«CI VOLEVA uno svizzero per premiarmi a Venezia con il Leone d'oro». È polemico il produttore Dino de Laurentiis, al quale la 60ma Mostra del cinema diretta da Moritz de Hadeln ha attribuito il prestigioso premio alla carriera. Nell'intervista concessa al magazine di Rai Educational, «Off Hollywood» in onda su Raitre martedì 26 agosto (ore 0.50), il produttore è critico sull'indifferenza delle istituzioni italiane nei confronti dei suoi innumerevoli successi mondiali. «L'idea di questo Leone mi fa sorridere - aggiunge Dino De Laurentiis - soprattutto se penso ai tanti premi che mi hanno dato in America e in tutto il mondo. Ma, non c'è problema, andrò a ritirarlo al Lido molto volentieri e con la solita gioia e umiltà». Il produttore non è tenero neppure con la politica italiana e lancia frecciate alla vigilia della presentazione della nuova legge attesa proprio a Venezia il 29 agosto. «Negli anni 70 fui costretto ad andare via dall'Italia a causa della legge Corona, che uccise il nostro cinema - dice - e da quello che ho capito la tanto attesa legge Urbani sarà anche peggio in quanto dovrebbe puntare sullo stesso concetto: i film dovranno essere girati esclusivamente in lingua italiana. Non sono affatto d'accordo - dice - il ministro dovrebbe tenere conto che la società internazionale e le tecnologie hanno cambiato l'industria delle celluloide e che i ricavi del cinema non vengono più dalle sale ma dai video, dai dvd, dai diritti tv. Nessuno compra più film con i sottotitoli e l'85 del mercato è in lingua inglese. A questo punto evviva Andreotti: l'unico che capì l'importanza dell' esportazione. Ecco la nuova legge dovrebbe ripartire proprio dall'intuizione di Andreotti».
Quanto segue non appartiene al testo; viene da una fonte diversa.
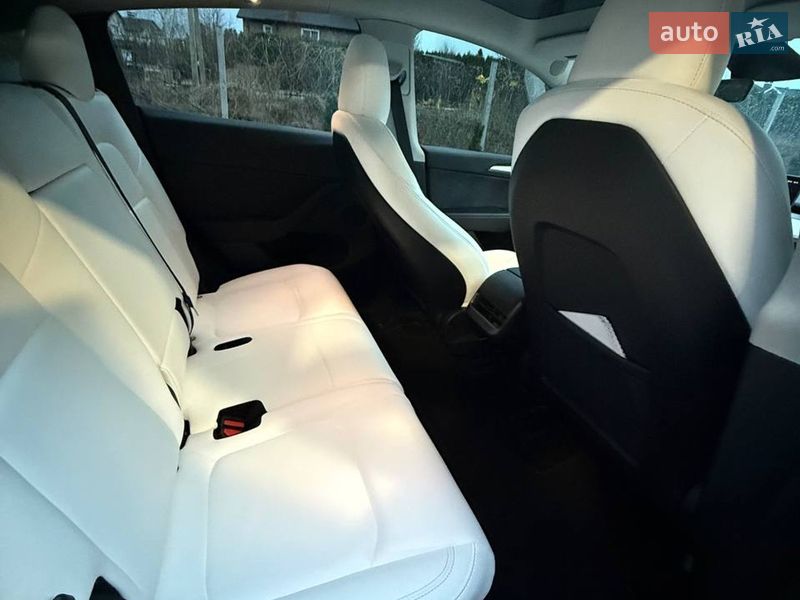 Внедорожник / Кроссовер Tesla Model Y 2024 в Киеве фото 30 Внедорожник / Кроссовер Tesla Model Y 2024 в Киеве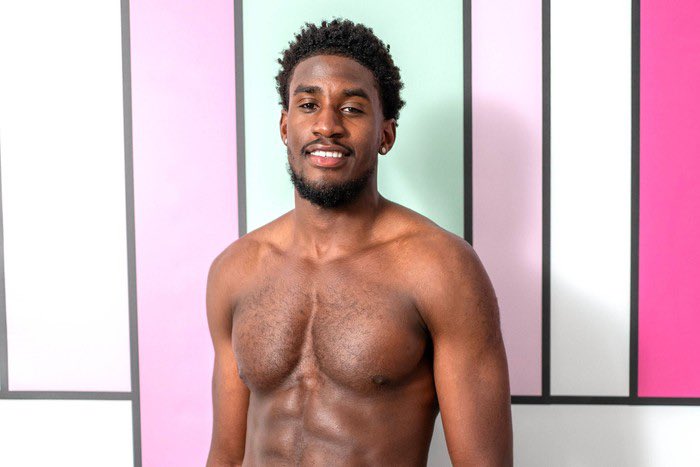 emma_idb's tweet photo. I seriously hope Ange clocks Simba’s game and doesn’t take him back because he’s “apologetic”.

Simba is not sorry or considerate of Ange’s feelings. He’s only going back to her because he knows the behaviour he displayed last night has put Mica OFF 🫤
#LoveIsland #LoveIslandUK https://t.co/NhFp7PexSW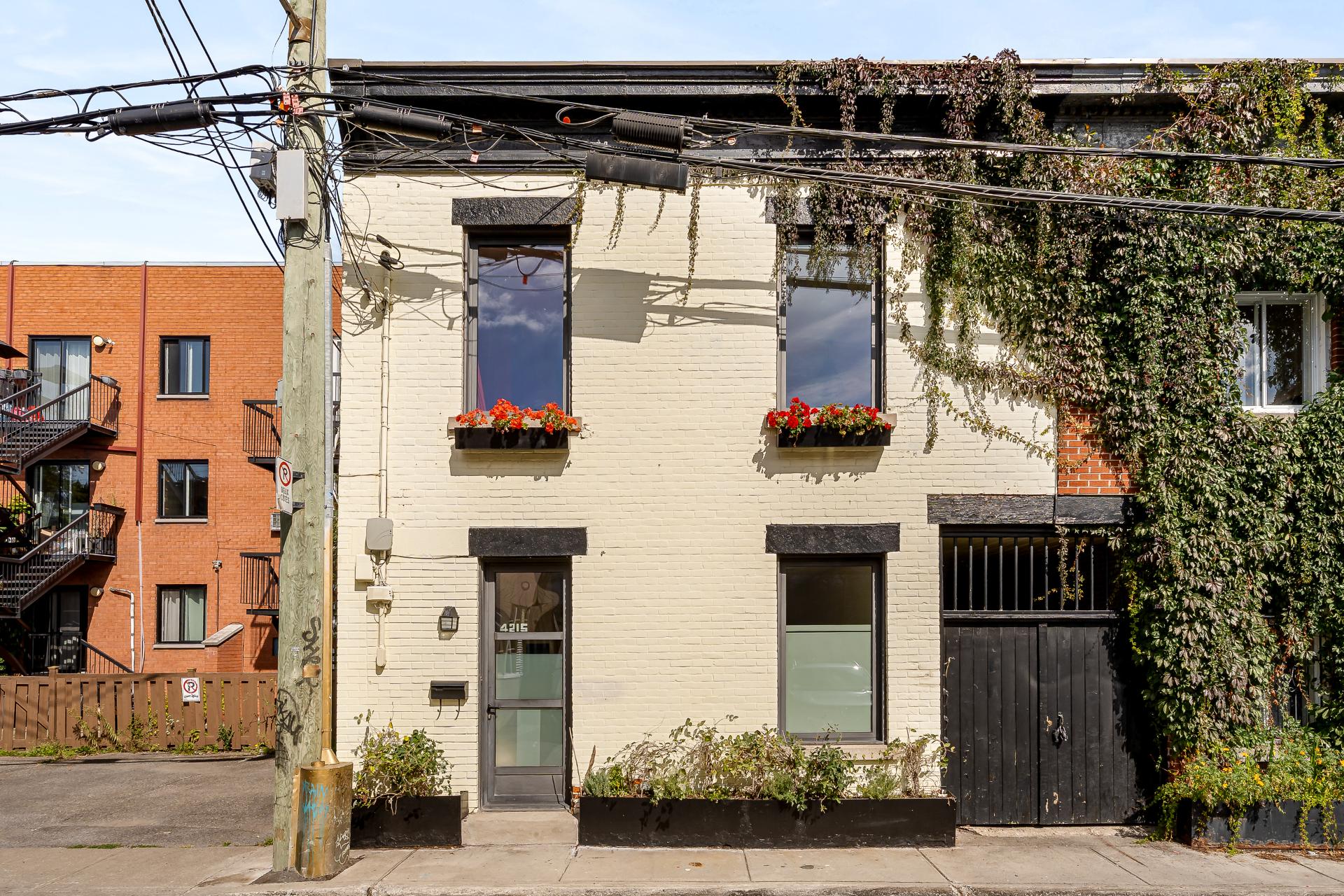 4215 Rue St-Christophe — photo 1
De Laurentiis: Leone ok ma la nuova legge non va
Dino De Laurentiis, produttore, ha ricevuto il Leone d'oro alla carriera alla 60ma Mostra del cinema di Venezia. Nel suo intervistato, ha espresso critiche sull'indifferenza delle istituzioni italiane nei confronti dei suoi successi mondiali. Ha anche lanciato frecciate alla legge Urbani, che prevede di punire i film girati in lingua straniera. De Laurentiis sostiene che la legge dovrebbe tenere conto delle tecnologie e del mercato internazionale, che hanno cambiato l'industria delle celluloide. Ha anche espresso un giudizio positivo sull'unico politico che ha capito l'importanza dell'esportazione, Andreotti.